◆ WHAT IS EXPECTED
Using the listing below, retype only the lines from the line with "Womala Condensatore Aria" through the end, both ends included, and exclude the pictures.

◆ GIVEN MATERIAL
━━━━━━━━━━
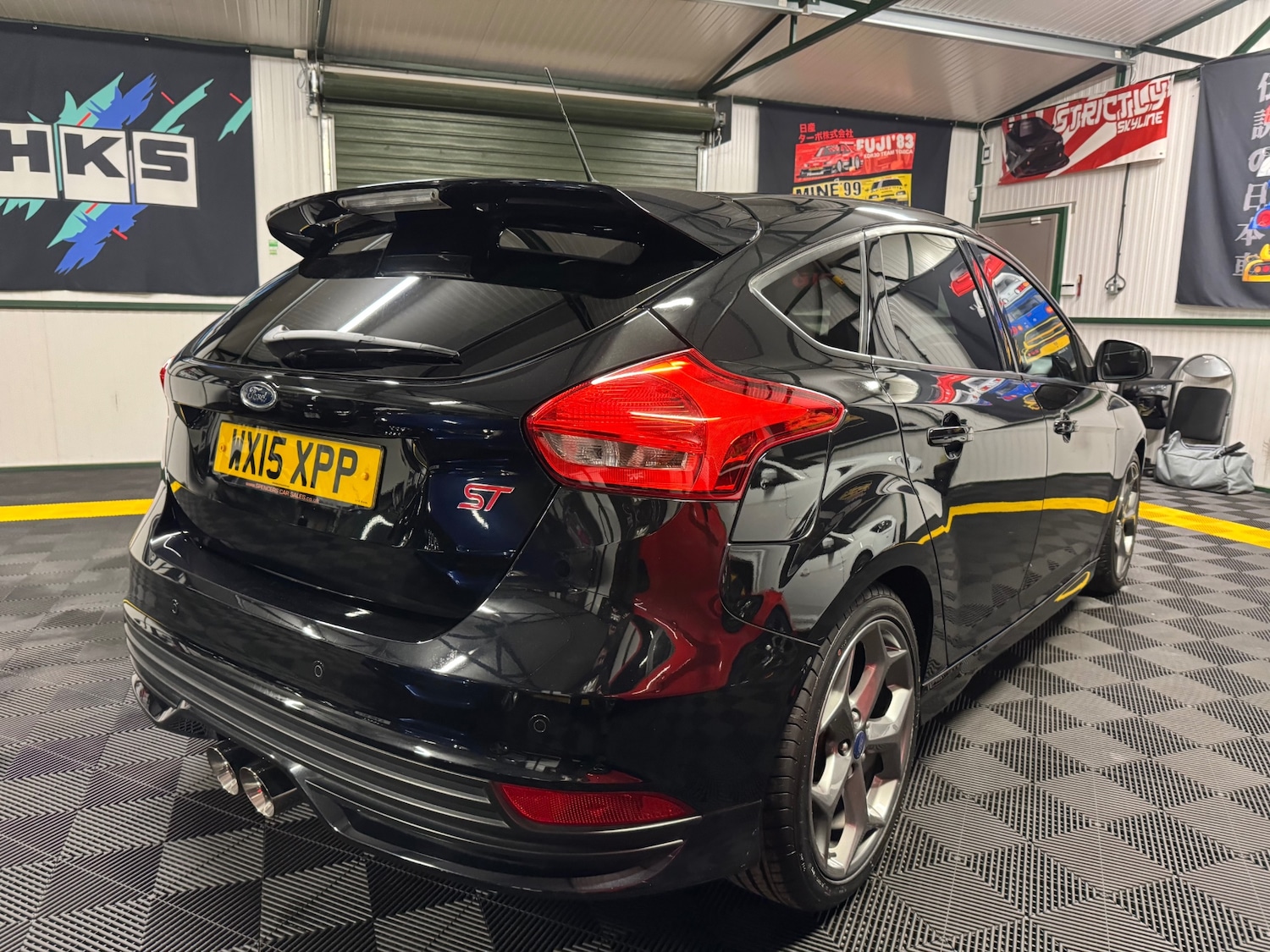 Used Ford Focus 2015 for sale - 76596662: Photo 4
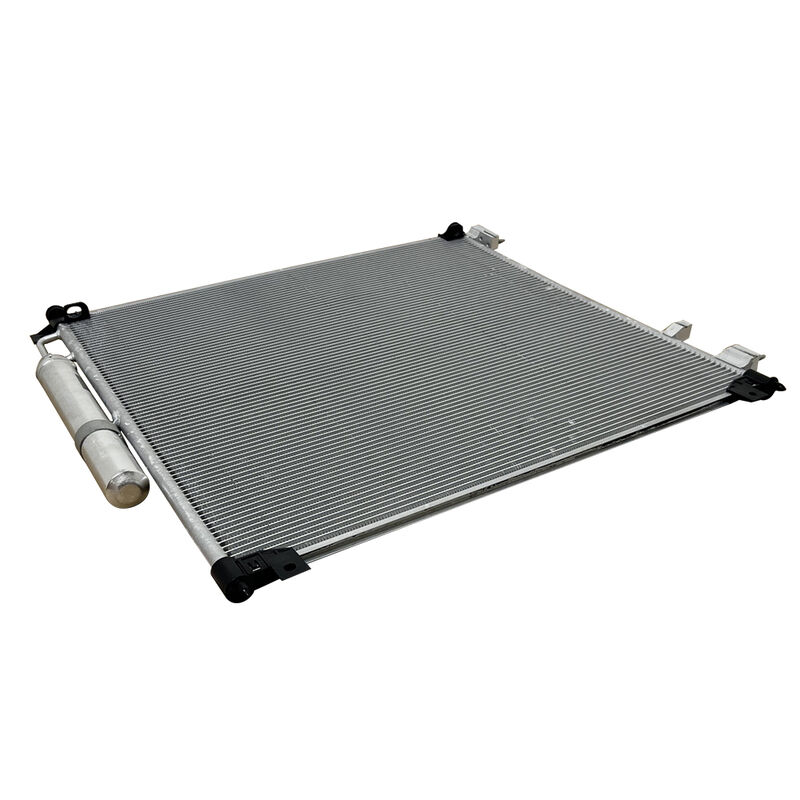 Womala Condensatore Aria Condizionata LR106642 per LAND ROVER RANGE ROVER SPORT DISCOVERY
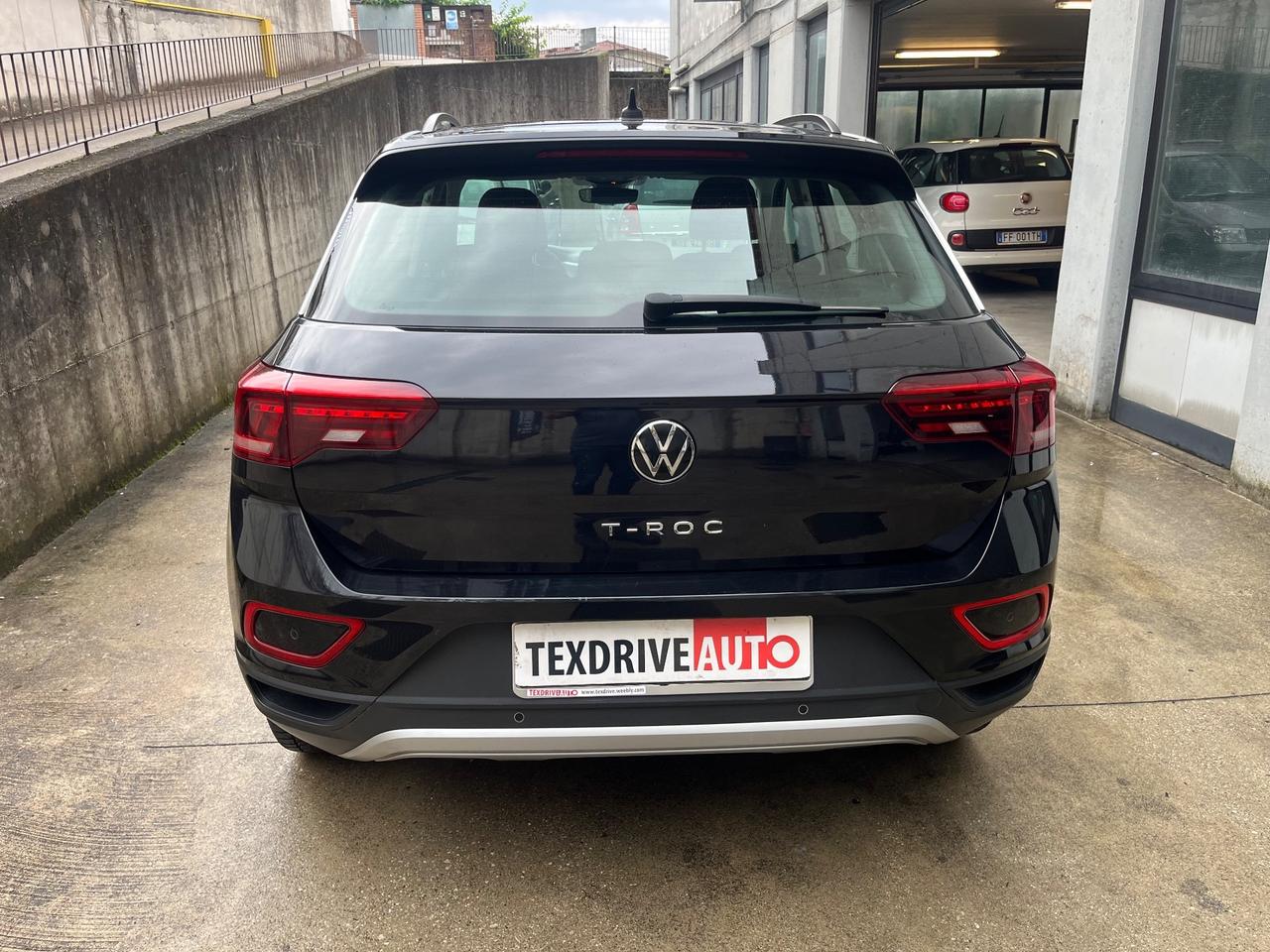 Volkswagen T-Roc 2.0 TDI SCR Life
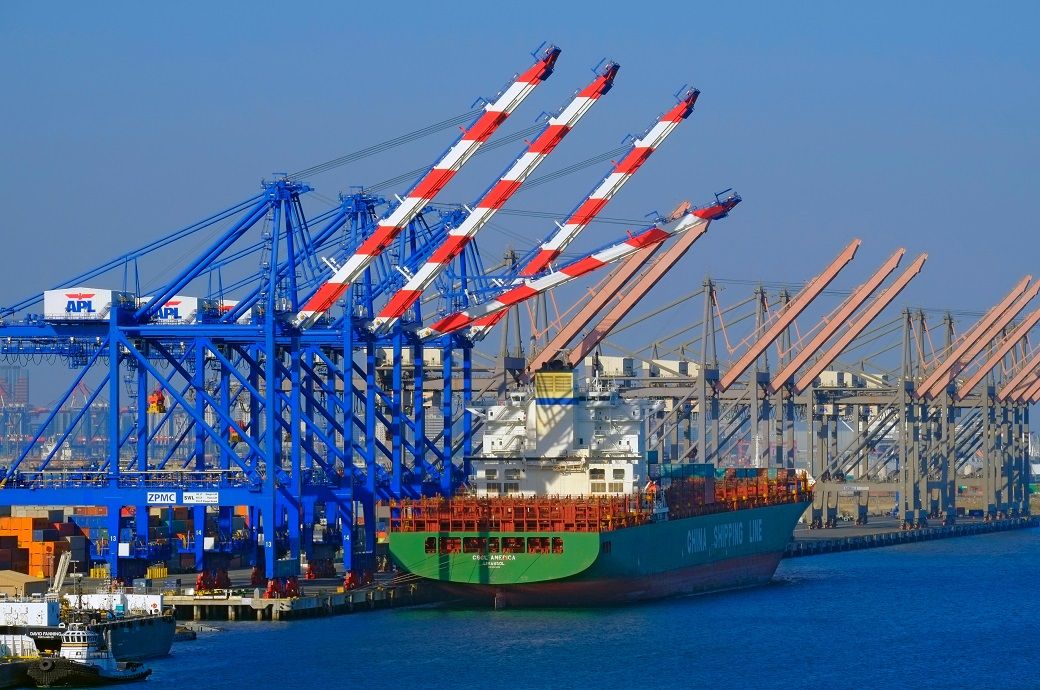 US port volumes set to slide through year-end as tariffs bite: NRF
━━━━━━━━━━
◆ RESULT
 Womala Condensatore Aria Condizionata LR106642 per LAND ROVER RANGE ROVER SPORT DISCOVERY
 Volkswagen T-Roc 2.0 TDI SCR Life
 US port volumes set to slide through year-end as tariffs bite: NRF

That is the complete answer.